→ YOUR INSTRUCTIONS:
Every line of the material must be restated exactly, though not its pictures.

→ DATASET EXCERPT:
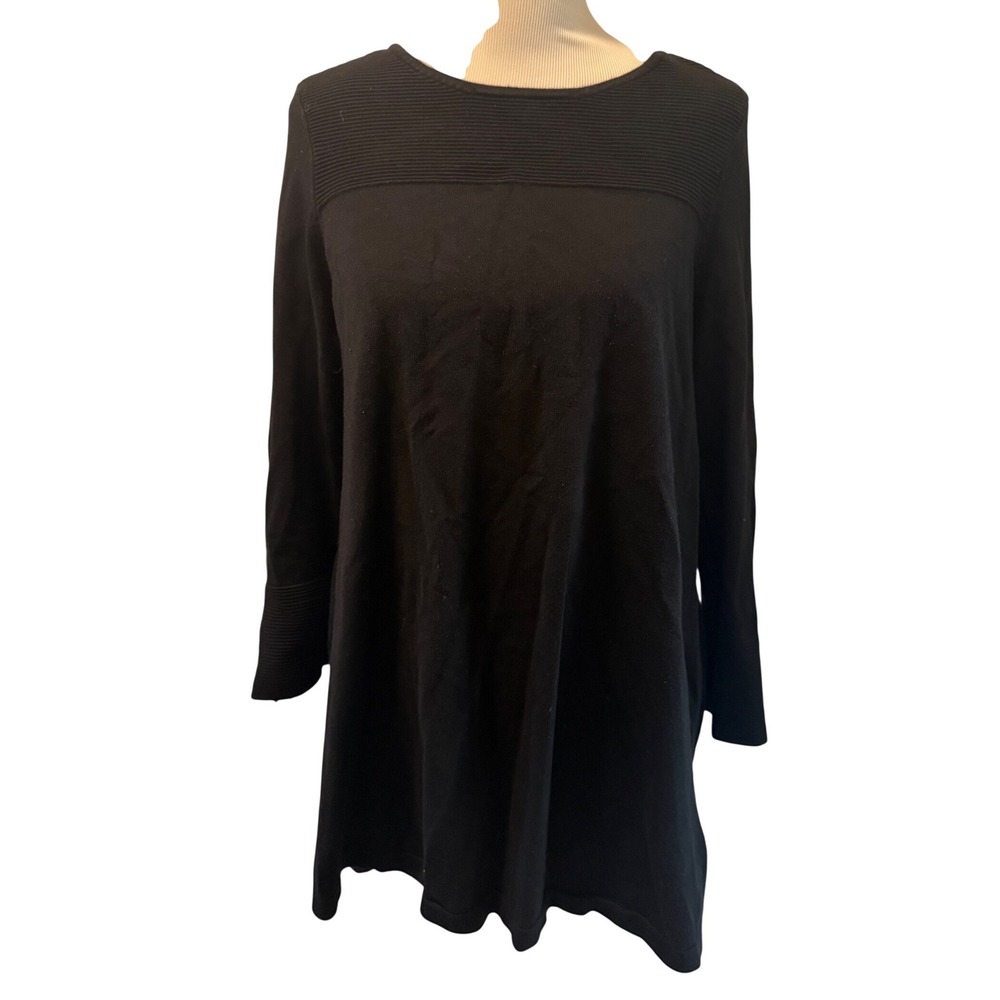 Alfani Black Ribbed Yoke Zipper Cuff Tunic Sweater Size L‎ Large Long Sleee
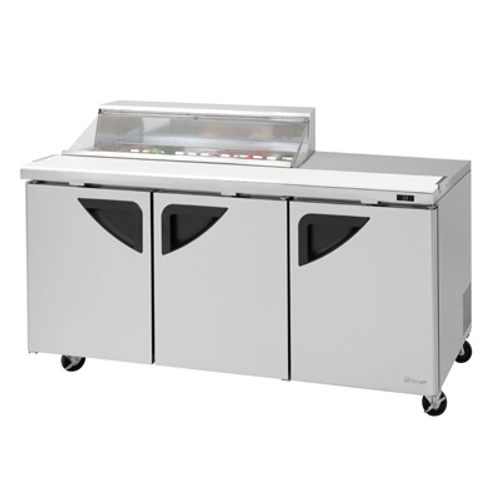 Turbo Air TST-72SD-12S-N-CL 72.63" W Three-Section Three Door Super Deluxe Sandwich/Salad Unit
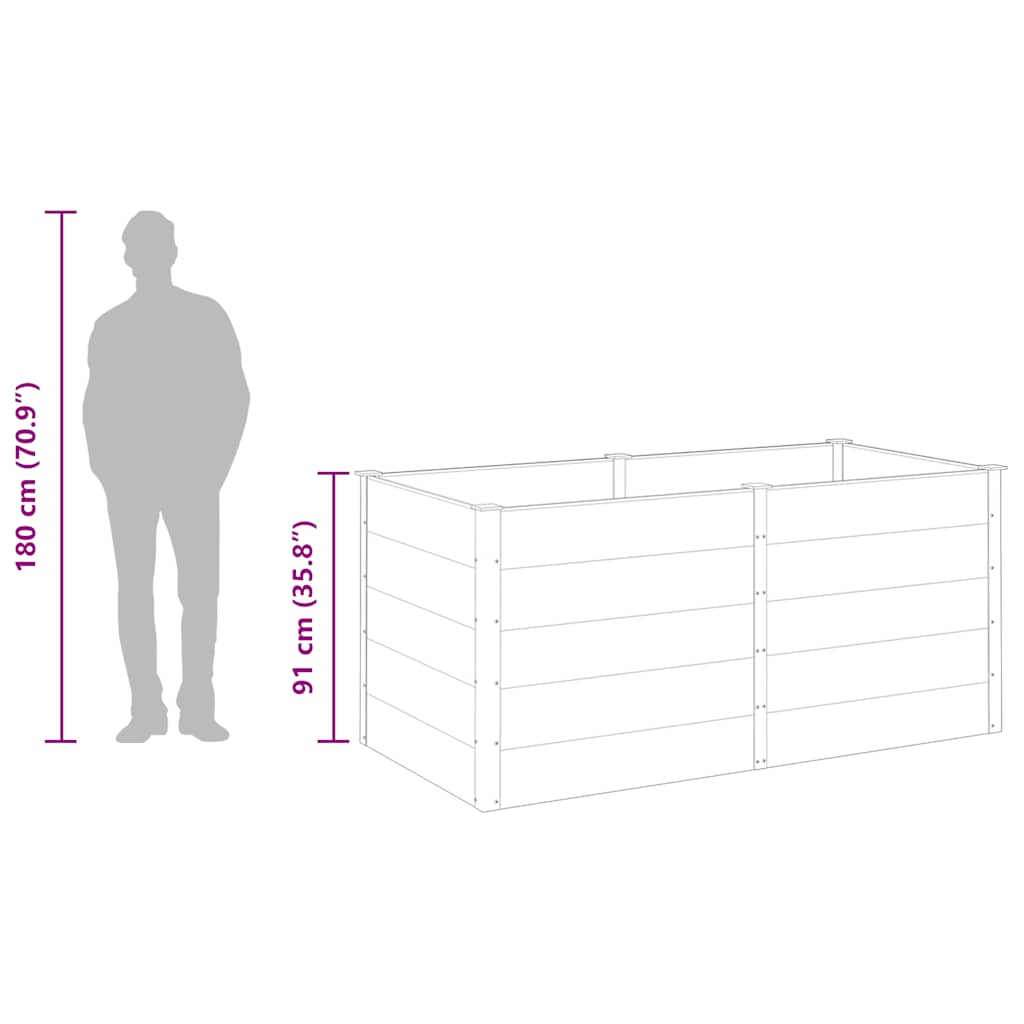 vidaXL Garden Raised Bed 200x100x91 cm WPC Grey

→ ANSWER SECTION:
 Alfani Black Ribbed Yoke Zipper Cuff Tunic Sweater Size L‎ Large Long Sleee
 Turbo Air TST-72SD-12S-N-CL 72.63" W Three-Section Three Door Super Deluxe Sandwich/Salad Unit
 vidaXL Garden Raised Bed 200x100x91 cm WPC Grey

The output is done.